Шестнадцатилетний племянник-хромоножка Марининой начальницы, Натальи Семеновны, которую взяли незадолго до Скалдина, оговорил себя, чтобы попасть к тетке, но оговорил так неумело, что к расстрелянной тетке, слава Богу, не попал и получил только пять лет. Следователь его пожалел и, конечно, отпустил бы, но мальчик пришел сам, и отпустить его было нельзя.
Он отсидел, выучился на фельдшера, выжил, срок истек в сорок третьем, держали до конца войны, но выпустили со стандартным поражением в правах «минус десять»; это значило, что десять крупнейших городов страны для него закрыты, и он поселился в Смоленске, просто потому, что врач, с которым он подружился в лагере, жил там и обещал его устроить.

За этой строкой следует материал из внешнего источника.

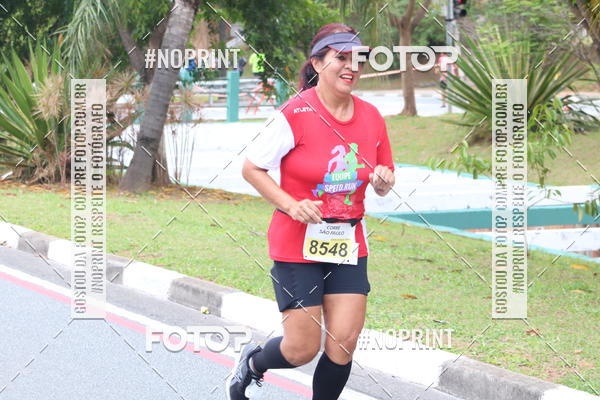 Buy your photos of the eventCORRE SO PAULO - ETAPA OSASCO on Fotop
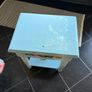 small side table Image 2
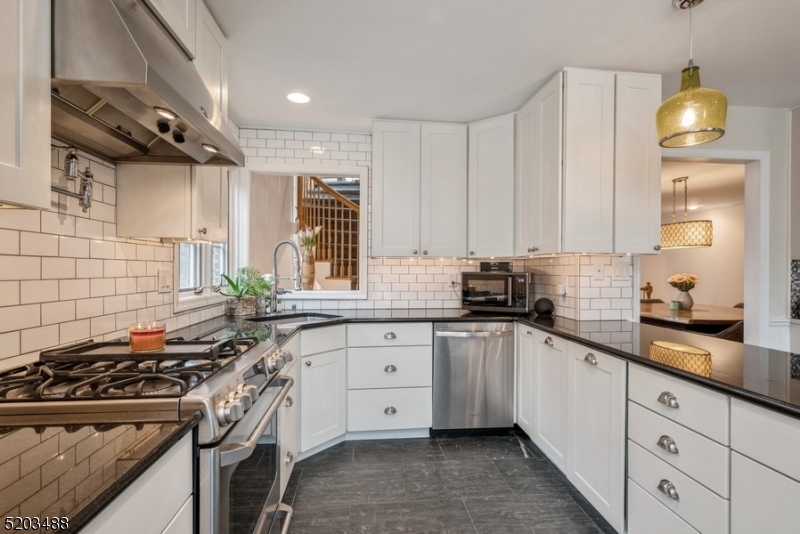 FLORHAM ON THE FAIRWAYS - Residential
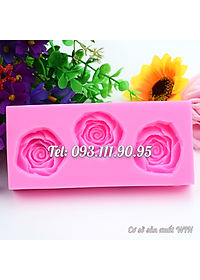 product-img-7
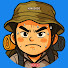 sTM6ZcGTfnY-channel-avatar-홍고고 HONGGOGO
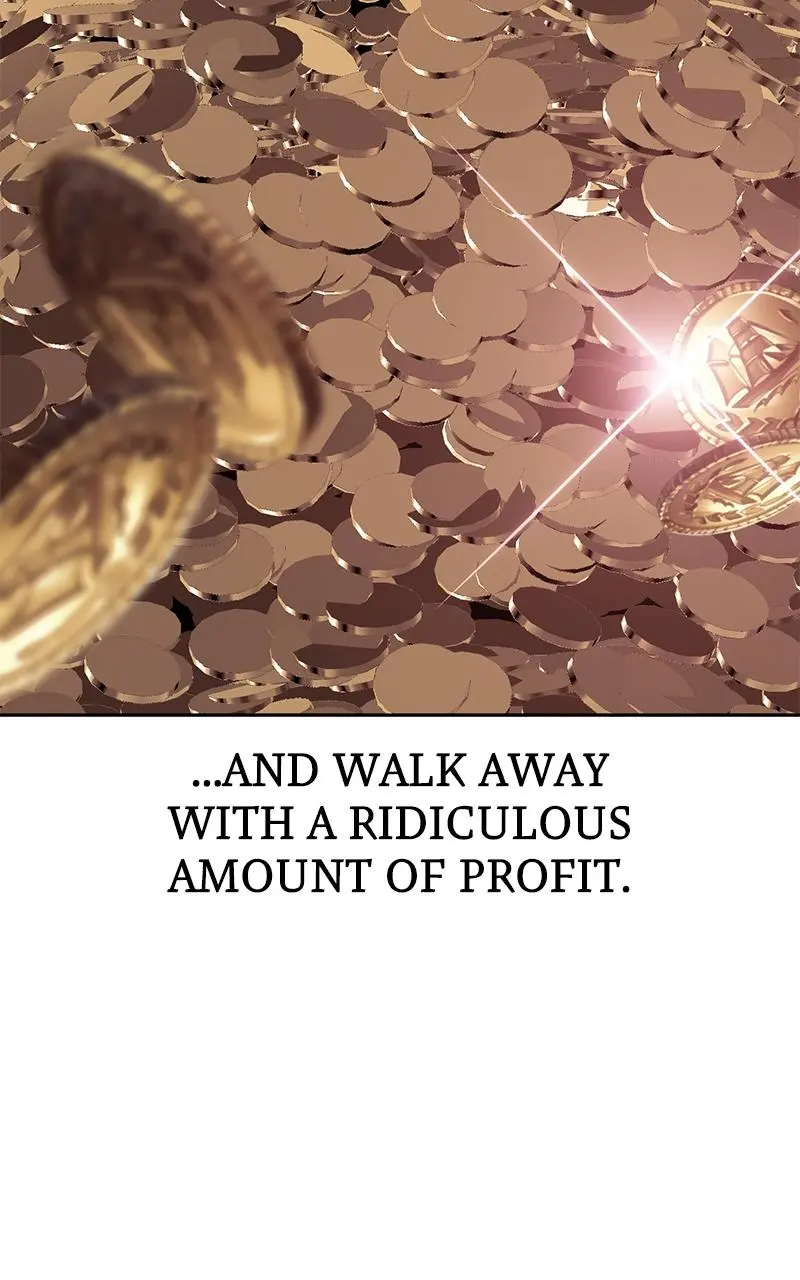 Read The Extras Academy Survival Guide - Chapter 19 - w24.extrasacademysurvivalguide.com | Image 128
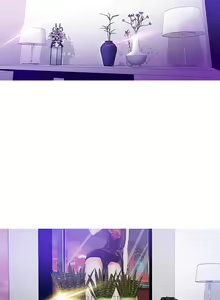 Page 93 of 中文韩漫 幻想中的她 Ch.0-10 - preview thumbnail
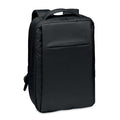 Laptop-Rucksack 16 Zoll, USB-Ladefunktion | SEOUL MO6328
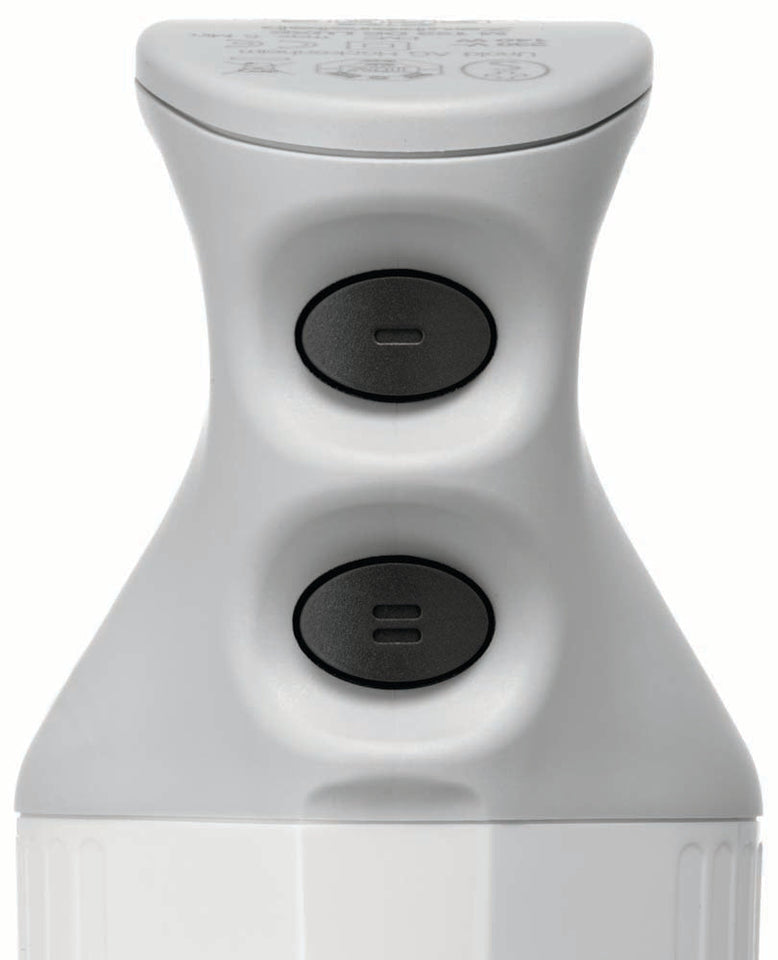 "G 350 Gastro Max" Zauberstab (230 V)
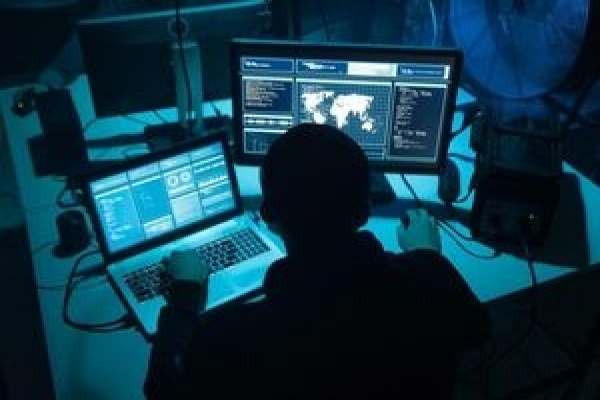 پنج-نکته-درباره-حمله-سایبری-به-آمریکا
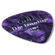 Dunlop Celluloid Pick: Picture 1 thumbnail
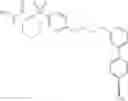 Fig. 914 - Aromatic sulfone hydroxamic acids and their use as protease inhibitors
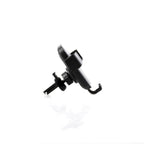 Laddkabel för elbil – Svart – 10 W – 9V - 16V – Luftgaller
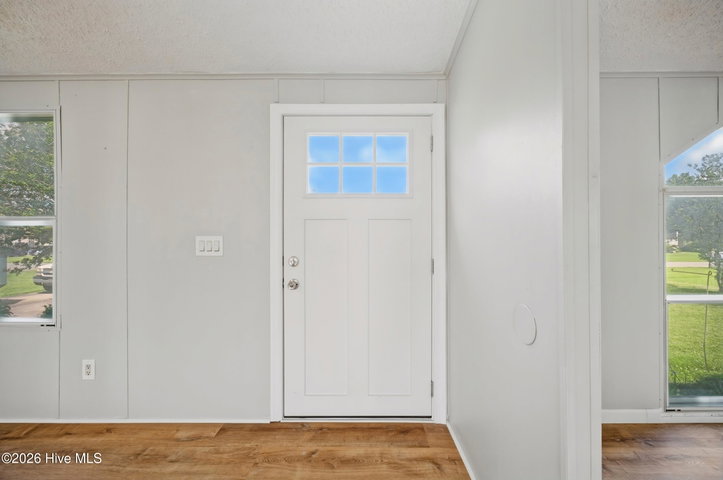 222 Katies Trail, Elizabeth City, NC 27909 — photo 5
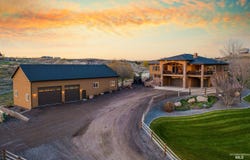 7464 Zenith Lane, Star, ID 83669
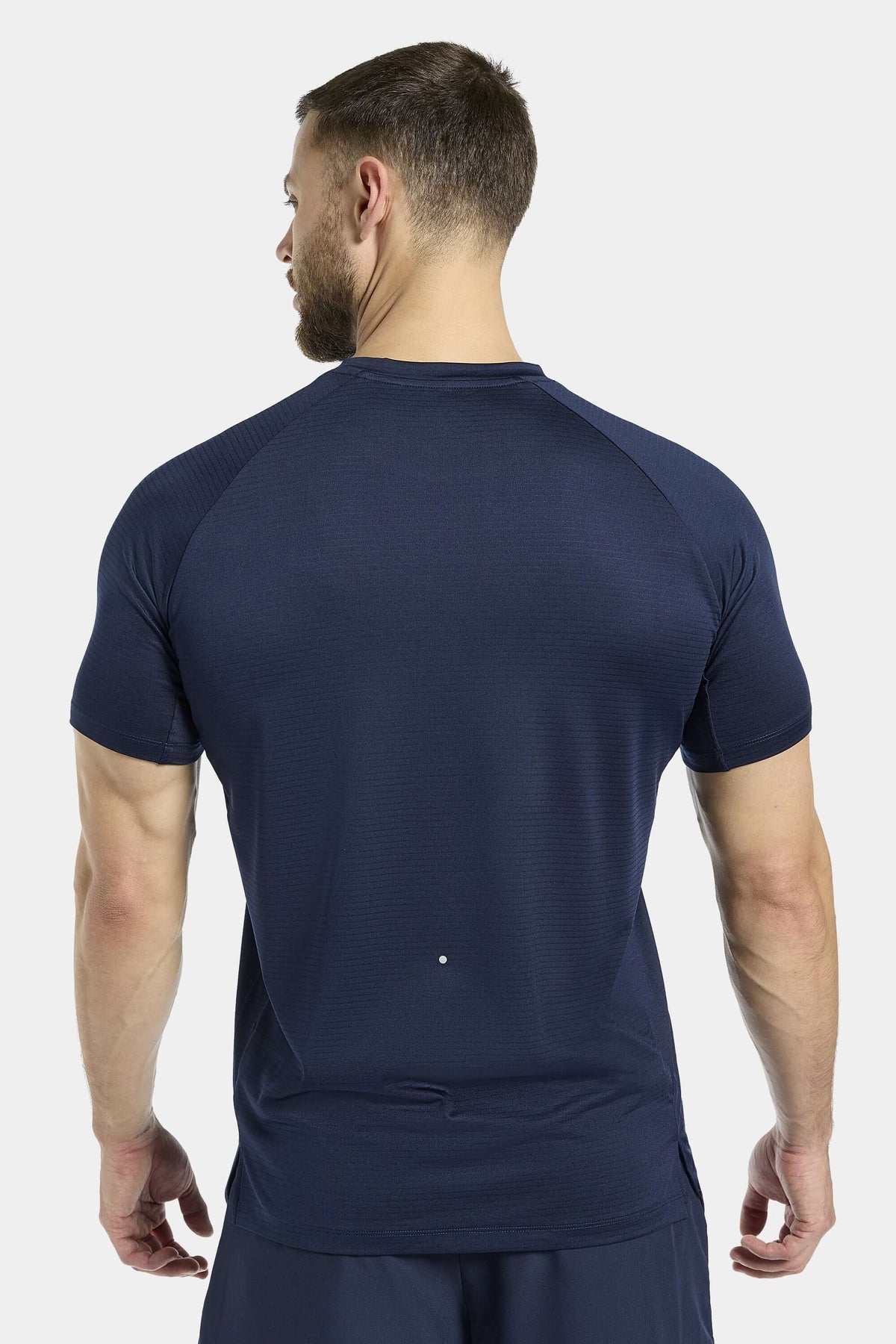 THE ACTIVE CAMISETA SLIM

В сорок шестом он приехал в Смоленск, в сорок седьмом устроился, в сорок восьмом женился. У него были теперь небольшие деньги: он работал медбратом в местном госпитале, начинал уже думать о высшем образовании, ведь он отсидел, искупил, могли принять в Смоленский мединститут. Ему нравился город с его знаменитым собором, с холмами, с католической строгостью, проступавшей в местных православных храмах, с добрыми светловолосыми девушками, с дружелюбным кружком местной интеллигенции. Два года он сидел тихо, на третий решил отдать один долг.